In 2009 Koren started working on the PBS Kids web-series "Fizzy's Lunch Lab" as a musician, composing the show's Main Theme as well as the score. For his work on "Fizzy's Lunch Lab" Koren was also nominated for an Emmy (2012).
In 2011 his studio album "Hi Nofelet Bekeilo", (She's Not Really Falling) was published in by NMC Music, and was well received by the critics: Music critic Shay Lahav at Ynet wrote : "If this is not a contribution to the Israeli sound, than what is?"; MusicaNeto wrote:"Koren keeps surprising and challenging the listener".
Koren composed, written and orchestrated all the songs in the album and collaborated with lyricist Barak Feldman, who wrote one song.
In the same year Koren also formed the Koren Ensemble (F.K.A Koren Ansambel) together with Vibraphonist Claudio Marquez, Guitarist Alon Albagli, Bassist David Segal, Trumpeter Brian Chahley and later on Drummer Or Zubalsky. They started performing in NY clubs, and independently released their first Studio Album "Declaration Of Intent". Thanks to their unique mix of music and comedy, The Koren Ensemble gained excessive popularity and passed over millions of views on their YouTube account.
In 2011 received a Gold Record Sales Certification for his orchestration work for singer-songwriter Avraham Tal.
In 2012 Koren directed a video for Shell Corp called "Sounds of Energy", an interactive video experience where the user creates different mixes using a range of every day energy-related objects. The project, which based on Edvard Grieg's In The Hall of the Mountain King, earned millions of views worldwide and was presented in Cannes Lions International Festival of Creativity.
Koren recorded his second Israeli studio-album, 'Ze Keleve O' Chatul' (it's a dog or a cat) in 2013.

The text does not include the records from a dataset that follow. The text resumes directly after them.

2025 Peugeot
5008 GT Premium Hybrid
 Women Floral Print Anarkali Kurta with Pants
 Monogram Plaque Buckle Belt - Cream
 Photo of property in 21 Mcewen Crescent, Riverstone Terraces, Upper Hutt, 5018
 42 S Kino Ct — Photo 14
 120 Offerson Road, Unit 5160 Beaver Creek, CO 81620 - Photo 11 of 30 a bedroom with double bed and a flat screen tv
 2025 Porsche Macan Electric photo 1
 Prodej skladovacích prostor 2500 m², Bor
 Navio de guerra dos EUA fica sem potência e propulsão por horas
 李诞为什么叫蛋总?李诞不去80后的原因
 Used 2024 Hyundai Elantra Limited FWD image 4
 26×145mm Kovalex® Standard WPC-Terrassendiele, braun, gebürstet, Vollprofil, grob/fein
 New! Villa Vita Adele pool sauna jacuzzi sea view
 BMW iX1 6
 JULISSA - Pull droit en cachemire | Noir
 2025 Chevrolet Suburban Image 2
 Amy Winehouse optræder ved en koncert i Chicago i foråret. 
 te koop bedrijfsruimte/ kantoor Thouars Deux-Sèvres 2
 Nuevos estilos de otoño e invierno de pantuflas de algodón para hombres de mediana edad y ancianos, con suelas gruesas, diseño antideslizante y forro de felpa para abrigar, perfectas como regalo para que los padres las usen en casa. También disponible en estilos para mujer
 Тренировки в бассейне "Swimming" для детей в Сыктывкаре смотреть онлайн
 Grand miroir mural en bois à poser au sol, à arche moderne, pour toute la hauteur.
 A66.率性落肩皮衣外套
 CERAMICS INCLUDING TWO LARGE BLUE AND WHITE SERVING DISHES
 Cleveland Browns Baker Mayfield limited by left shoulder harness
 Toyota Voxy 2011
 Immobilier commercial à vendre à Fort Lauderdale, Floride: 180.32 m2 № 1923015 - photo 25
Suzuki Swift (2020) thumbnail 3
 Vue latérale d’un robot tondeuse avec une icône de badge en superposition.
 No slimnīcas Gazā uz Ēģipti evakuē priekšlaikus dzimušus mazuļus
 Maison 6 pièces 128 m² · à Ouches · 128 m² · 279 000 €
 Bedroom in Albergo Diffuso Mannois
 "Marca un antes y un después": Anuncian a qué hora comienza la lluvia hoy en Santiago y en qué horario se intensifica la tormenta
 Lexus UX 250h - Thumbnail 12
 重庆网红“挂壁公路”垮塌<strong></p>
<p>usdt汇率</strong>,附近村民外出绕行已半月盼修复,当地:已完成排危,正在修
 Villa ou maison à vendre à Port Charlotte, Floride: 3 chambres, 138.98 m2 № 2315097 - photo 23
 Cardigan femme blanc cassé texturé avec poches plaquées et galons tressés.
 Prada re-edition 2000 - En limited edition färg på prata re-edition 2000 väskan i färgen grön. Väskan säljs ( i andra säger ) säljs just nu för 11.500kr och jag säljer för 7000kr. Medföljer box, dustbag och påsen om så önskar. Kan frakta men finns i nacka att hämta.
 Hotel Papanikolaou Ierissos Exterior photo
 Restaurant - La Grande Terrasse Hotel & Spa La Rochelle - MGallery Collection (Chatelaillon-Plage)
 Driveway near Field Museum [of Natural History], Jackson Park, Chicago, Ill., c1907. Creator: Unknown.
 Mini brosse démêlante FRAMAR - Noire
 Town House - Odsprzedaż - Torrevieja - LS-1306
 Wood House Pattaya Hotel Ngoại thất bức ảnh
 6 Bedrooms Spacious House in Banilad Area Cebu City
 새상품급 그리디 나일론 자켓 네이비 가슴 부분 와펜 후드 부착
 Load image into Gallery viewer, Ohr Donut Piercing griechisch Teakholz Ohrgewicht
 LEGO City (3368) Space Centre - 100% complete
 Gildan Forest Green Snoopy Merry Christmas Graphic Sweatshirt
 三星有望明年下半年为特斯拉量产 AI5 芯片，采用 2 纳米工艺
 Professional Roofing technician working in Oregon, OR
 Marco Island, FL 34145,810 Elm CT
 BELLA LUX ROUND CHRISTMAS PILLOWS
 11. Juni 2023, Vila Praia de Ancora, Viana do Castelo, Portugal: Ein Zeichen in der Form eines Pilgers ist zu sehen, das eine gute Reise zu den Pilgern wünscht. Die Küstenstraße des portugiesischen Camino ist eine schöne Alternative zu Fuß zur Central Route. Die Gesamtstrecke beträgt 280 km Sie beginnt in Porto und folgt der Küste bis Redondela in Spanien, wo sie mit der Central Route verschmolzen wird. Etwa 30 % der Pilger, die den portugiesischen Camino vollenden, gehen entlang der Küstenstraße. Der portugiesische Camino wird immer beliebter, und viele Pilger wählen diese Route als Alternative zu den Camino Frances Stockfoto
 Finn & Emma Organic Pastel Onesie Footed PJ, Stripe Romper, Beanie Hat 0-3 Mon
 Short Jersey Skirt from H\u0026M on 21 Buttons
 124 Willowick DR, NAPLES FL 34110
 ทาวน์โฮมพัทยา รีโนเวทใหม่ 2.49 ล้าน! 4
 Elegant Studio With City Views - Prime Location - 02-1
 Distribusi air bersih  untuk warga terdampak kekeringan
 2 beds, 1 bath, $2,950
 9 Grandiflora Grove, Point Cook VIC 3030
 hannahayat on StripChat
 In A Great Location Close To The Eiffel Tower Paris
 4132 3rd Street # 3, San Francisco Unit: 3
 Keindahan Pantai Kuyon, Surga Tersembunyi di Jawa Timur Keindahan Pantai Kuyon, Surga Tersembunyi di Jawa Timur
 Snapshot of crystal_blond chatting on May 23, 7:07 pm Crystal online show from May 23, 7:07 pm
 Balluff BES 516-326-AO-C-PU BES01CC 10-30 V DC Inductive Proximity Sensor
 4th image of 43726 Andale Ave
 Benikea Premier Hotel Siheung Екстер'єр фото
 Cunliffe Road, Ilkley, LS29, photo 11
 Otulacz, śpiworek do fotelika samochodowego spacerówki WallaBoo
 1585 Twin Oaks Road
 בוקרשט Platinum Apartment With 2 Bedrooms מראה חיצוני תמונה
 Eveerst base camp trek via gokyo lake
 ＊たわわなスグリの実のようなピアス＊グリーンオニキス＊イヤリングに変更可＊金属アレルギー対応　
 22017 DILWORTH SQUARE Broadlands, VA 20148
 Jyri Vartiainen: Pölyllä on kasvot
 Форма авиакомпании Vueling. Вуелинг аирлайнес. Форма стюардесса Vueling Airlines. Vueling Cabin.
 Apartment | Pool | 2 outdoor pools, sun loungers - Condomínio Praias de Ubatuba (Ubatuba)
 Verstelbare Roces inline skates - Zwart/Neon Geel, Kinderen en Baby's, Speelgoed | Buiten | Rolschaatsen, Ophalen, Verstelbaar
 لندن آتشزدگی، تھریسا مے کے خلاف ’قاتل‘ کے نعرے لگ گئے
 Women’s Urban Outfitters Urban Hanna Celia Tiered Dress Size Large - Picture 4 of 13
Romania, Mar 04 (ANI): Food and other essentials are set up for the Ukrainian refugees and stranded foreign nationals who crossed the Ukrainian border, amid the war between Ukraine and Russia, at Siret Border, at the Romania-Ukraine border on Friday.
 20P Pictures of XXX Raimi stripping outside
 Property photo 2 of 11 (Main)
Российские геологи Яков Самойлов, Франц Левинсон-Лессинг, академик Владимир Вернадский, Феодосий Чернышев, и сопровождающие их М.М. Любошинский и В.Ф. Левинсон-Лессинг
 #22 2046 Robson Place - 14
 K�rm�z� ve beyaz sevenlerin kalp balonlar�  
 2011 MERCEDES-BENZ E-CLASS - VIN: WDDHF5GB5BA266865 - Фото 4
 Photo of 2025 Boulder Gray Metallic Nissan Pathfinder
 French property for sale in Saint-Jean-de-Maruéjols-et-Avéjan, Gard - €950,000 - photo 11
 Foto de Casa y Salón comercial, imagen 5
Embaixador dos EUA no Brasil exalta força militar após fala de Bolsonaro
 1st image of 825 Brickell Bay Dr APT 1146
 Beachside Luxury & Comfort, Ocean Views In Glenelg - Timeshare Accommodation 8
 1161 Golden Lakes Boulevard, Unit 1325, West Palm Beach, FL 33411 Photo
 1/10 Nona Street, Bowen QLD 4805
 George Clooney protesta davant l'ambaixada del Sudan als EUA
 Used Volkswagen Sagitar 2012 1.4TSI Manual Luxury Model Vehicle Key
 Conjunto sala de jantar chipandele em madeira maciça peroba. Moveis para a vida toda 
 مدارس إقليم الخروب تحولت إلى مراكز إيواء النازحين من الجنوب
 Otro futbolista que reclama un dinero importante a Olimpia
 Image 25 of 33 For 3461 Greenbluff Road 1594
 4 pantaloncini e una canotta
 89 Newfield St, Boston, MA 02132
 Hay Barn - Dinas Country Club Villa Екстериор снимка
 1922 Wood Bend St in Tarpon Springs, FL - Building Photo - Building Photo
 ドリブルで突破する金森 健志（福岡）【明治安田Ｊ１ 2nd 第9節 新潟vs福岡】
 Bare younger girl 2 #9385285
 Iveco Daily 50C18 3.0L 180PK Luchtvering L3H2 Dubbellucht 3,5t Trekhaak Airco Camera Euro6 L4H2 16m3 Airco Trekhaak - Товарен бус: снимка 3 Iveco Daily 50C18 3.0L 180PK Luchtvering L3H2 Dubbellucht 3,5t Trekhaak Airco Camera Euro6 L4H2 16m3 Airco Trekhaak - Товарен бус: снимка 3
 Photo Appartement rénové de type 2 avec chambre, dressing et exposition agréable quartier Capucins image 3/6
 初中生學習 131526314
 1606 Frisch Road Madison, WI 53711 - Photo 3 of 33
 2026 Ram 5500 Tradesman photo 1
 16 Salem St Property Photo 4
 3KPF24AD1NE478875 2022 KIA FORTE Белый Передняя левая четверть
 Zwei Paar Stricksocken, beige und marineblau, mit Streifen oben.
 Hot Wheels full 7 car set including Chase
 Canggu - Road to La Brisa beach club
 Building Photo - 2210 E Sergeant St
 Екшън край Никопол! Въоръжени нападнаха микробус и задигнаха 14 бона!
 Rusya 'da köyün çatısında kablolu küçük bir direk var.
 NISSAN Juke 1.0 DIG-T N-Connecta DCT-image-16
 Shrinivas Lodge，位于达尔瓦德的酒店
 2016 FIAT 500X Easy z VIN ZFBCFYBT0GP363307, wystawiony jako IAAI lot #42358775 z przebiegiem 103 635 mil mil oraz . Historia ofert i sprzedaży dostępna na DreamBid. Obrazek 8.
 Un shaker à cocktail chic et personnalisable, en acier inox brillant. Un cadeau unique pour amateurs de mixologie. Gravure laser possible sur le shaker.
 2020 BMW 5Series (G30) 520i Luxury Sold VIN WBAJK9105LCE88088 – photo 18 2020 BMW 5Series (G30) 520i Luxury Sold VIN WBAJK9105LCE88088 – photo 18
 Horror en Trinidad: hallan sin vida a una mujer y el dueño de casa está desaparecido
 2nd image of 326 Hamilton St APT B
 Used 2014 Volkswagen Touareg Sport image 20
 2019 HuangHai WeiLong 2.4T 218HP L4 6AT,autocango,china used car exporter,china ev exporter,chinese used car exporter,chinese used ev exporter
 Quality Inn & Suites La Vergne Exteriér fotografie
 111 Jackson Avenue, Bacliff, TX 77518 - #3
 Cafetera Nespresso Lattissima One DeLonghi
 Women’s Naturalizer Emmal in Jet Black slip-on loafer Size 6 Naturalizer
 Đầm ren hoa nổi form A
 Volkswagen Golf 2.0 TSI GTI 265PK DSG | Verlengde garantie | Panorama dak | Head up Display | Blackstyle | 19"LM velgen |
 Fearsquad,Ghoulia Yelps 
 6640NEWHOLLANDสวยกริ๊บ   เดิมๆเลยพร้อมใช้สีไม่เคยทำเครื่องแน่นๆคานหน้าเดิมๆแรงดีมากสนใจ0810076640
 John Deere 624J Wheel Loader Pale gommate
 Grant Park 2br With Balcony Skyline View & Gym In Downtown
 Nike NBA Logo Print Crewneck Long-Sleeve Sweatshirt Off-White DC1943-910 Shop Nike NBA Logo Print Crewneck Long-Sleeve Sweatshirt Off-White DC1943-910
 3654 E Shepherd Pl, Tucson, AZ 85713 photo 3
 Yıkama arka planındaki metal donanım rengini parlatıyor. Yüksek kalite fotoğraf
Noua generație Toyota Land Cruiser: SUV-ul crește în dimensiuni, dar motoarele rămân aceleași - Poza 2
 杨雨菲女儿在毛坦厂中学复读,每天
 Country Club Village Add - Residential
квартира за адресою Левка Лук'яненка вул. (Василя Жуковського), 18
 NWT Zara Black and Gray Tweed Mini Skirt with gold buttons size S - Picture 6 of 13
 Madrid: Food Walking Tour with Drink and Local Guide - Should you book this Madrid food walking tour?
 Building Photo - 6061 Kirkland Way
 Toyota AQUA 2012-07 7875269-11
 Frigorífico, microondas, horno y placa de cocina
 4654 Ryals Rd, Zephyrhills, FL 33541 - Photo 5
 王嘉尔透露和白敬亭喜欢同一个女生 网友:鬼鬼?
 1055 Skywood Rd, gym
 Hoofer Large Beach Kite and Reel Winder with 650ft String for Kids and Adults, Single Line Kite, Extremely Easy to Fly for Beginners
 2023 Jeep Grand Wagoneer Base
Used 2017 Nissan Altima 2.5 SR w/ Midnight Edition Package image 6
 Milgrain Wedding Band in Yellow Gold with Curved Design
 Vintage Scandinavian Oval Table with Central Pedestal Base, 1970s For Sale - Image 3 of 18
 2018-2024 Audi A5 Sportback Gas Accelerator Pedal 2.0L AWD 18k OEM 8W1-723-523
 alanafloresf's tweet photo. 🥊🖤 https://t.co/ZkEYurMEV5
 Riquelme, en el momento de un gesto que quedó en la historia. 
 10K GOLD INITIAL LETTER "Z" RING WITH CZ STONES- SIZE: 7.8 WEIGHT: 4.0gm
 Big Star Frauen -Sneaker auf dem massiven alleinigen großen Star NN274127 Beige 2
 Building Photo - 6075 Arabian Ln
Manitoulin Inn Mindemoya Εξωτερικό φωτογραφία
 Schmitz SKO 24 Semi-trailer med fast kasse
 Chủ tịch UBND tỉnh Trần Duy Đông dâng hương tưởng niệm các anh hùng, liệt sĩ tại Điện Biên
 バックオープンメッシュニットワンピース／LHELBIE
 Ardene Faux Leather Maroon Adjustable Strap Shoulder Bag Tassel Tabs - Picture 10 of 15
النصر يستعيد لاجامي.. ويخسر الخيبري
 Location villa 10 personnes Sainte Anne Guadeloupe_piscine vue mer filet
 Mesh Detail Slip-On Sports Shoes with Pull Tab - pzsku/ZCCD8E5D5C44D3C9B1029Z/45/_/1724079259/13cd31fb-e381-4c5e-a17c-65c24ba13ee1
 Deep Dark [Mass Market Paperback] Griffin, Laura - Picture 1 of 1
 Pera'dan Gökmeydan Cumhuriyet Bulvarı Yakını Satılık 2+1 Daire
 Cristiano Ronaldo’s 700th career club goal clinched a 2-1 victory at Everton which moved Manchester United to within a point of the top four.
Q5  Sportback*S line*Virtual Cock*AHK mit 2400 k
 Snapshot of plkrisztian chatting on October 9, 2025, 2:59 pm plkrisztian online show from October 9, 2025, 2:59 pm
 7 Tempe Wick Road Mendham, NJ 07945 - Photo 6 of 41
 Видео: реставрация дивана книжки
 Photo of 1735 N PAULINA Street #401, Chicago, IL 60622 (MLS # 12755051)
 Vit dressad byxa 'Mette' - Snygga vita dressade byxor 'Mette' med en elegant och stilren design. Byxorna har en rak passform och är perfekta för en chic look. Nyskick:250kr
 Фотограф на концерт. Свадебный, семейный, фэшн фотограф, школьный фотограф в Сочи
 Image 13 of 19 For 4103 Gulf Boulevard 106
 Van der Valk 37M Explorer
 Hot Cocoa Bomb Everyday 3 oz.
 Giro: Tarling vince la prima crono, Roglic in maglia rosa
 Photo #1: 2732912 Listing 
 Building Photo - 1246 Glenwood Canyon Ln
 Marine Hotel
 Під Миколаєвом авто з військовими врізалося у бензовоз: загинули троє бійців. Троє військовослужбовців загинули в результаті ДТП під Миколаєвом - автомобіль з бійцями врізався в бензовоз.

==Video & Floating Heads==

In 2011 Daniel Koren developed a music-video format consists of duplicated, "neckless" heads over a black background, making comical A Capella arrangements for known tunes as well as original compositions. The videos have gained hundreds of thousands of views and appeared on Comedy Central's Tosh.0 blog, and Smosh Pit Weekly. Continuing the project's success, two years later Koren made a live, staged version of the Floating Heads, combining video, comedy and live music.

==Discography==

- Declaration Of Intent (2011)
- Hi Nofelet Bekeilo היא נופלת בכאילו (she's not really falling) (2011)
- The album contains the singles "Hamula Shel Dubim", 'חמולה של דובים' ("a clan of bears"), "Romantika", 'רומנטיקה' ("Romance").
- The Week (2013)
- So[ng]lilquy [E.P.] (2013)
- Ze Kelev O Chatul זה כלב או חתול (it's a dog or a cat) (2013)
- The album contains the singles "Tirkedi Achsav", 'תרקדי עכשיו' ("Dance Now!"), "Sfina Al Yam", 'ספינה על ים' ("A Ship on the Ocean").
- בין האיילות (Between the deers) (2019)
- Thought diary (2020)
- the album contains the single
"I Miss Fomo".

== Personal life ==
Koren practices meditation, studies and teaches Tibetan Buddhism.